É essa leveza que é transmitida por toda a estratégia gráfica. A indistinção entre as personagens, sobretudo as protagonistas, parece ser propositado, claro, e não uma mera falta de construção, ou um certo estilo à mangá a que nos pudéssemos ter (mal-)habituado. Por outro lado, se existe a ideia feita de que o amor opera sobre pessoas que possuem já características em comum e que, no seu exercício e influência, essas mesmas pessoas se vão tornando cada vez mais parecidas uma com a outra, aqui essa ideia é elevada à operatividade gráfica máxima, quase como uma hipérbole.
Bastará folhear outras histórias de Nananan (uma publicada em Sake Jock, pela Fantagraphics, e duas pela Viz em Secret Comics Japan) para notar que essa estratégia de simplificar os desenhos das pessoas não se repete sempre (outras particularidades a esquematização das personagens, a ausência de detalhes cenográficos, os brancos, um texto flutuante e narração extradiegética ou monólogos interiores sim).

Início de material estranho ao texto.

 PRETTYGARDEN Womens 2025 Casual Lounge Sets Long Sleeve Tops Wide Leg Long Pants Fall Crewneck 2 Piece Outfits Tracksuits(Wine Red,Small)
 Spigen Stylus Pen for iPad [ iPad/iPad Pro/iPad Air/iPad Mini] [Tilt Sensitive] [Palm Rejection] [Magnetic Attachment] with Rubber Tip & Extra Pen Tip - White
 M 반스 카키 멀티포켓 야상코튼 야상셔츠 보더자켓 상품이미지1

Os desenhos de Kiriko Nananan parecem ter ganho um maior controlo dos contornos e dessa estilização gráfica quase industrial, em relação a trabalhos anteriores, como Heartless Bitch (na SCJ). Já antes falei desse possível estilo industrializado, ainda que com um ímpeto mais fraco e frutos menos conseguidos, em relação ao Fujisan de Akira Sasô.
Os usos dos grandes espaços ou vinhetas em branco, a ausência de detalhes radicais, por vezes, apenas com as personagens vogando na vinheta também não são do mesmo teor que, por exemplo, os já citados exemplos de Frederik Peeters ou o ambiente etéreo de Fazenda/Nora nas histórias de Cotrim. Se por um lado, podem instigar-nos a um centrar das atenções às personagens implicadas, como que esbatendo as circunstâncias em que se movem, elevando tudo o que é visível a um simbolismo generalizado, por outro poderá decorrer de um honesto interesse pelo essencialmente humano: as emoções, as ligações momentâneas que todos fazemos no dia-a-dia, mas de forma entregue, nunca falsa.

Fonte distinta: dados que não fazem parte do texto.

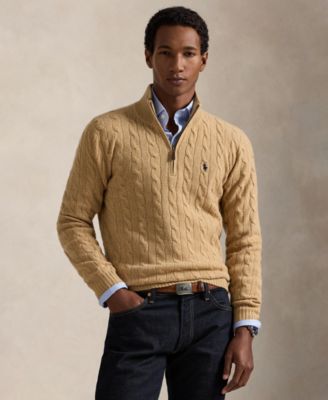 Polo Ralph Lauren Мужская кабельная вязка четверть-зип свитер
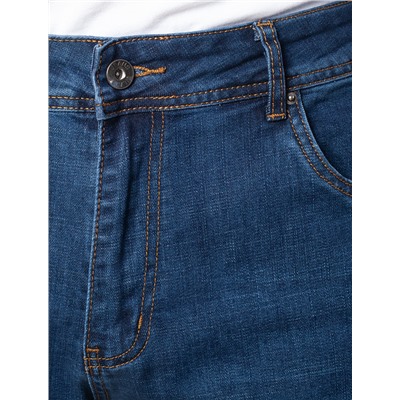 Прямые джинсы из эластичного денима Vilatte, Артикул:U54.002 темно_синий_стирка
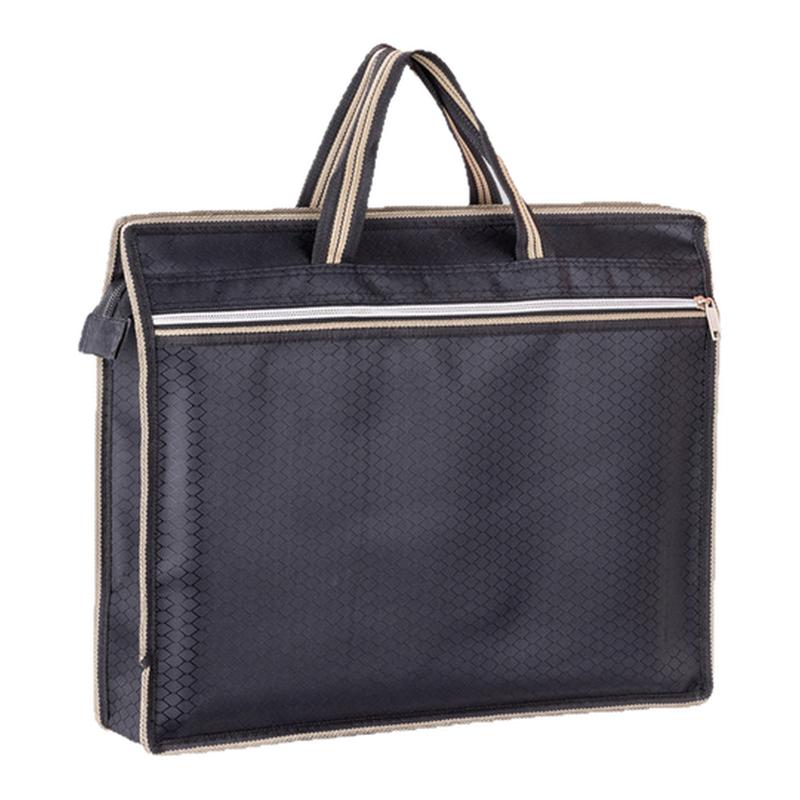 Briefcase canvas handbag document bag portable zipper bag document bag waterproof handbag men's and women's Oxford cloth briefcase storage business office conference training class materials customization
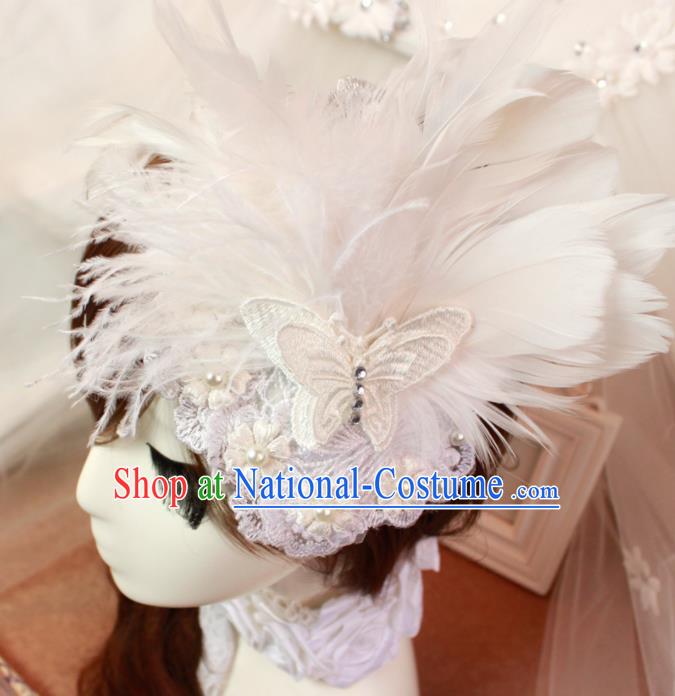 Top Grade Princess White Feather Butterfly Hair Accessories Bride Hair Stick Headwear for Women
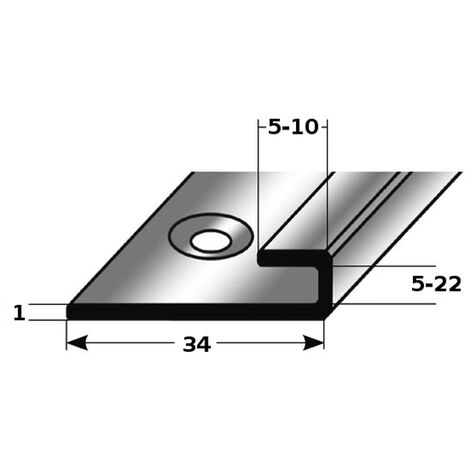 Einschubprofil Craigmont für Vinyl / Laminat / Parkett, mit konfigurierbarer Einfasshöhe von 5 bis 22 mm, aus mattem Edelstahl, gebohrt-8 - Edelstahl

Não é acreditar que o amor dure para sempre, mas simplesmente amar para sempre enquanto o amor durar, para lembrar Vinicius de Moraes. O contraste mais marcante permitido põe esse estilo é precisamente a utilização de personagens e décors tão planos e reduzidos a um mínimo de expressividade gráfica para explorar pequenos tormentos emocionais que se desenrolam no interior, sem porém entrar em grandes lances dramáticos.

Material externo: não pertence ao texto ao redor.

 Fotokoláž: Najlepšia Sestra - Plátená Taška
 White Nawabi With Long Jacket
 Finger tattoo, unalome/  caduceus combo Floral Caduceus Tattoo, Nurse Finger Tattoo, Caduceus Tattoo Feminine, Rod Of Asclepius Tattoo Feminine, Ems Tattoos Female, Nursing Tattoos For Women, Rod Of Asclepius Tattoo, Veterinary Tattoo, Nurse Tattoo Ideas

Não se trata nem de uma novela erótica, nem de uma soap opera. Sinais simples, como a minúscula lágrima nos olhos de Kirishima na pg. 49, bastarão para nos convencer de qual o tema retratado.
A um primeiro olhar, poder-nos-ão surgir essas criaturas femininas tão impávidas e superiores à emoção humana como as que Furuya Usumaru havia explorado ironicamente em Short Cuts (Viz): as kogal. Ou mesmo como qualquer dessas personagens de bd ou merchandising derivado de Hello Kitty e simplesmente com o intuito de um certo fetichismo das raparigas japonesas. Se bem que todas as personagens pareçam belas demais para serem realistas, Nananan brinca com essa aproximação, como já havia feito noutros trabalhos.
Porém, sendo esta uma obra de maior fôlego, torna-se a sua exploração das emoções femininas bem mais narrativa do que impressionista. Quer dizer, parece precisamente essa direcção de criaturas distantes e frias que o estilo gráfico de Kiriko Nananan parece apontar, para depois nos desviar dele radicalmente pela exploração contínua dos enganos amorosos das duas raparigas.
Tendo começado na (como não?) Garo, faria parte do currículo da autora explorar um domínio relativamente recente na mangá, que não se coaduna com explorações chãs das relações humanas, mas parece vertido à representação de verdadeiras e acabadas personalidades.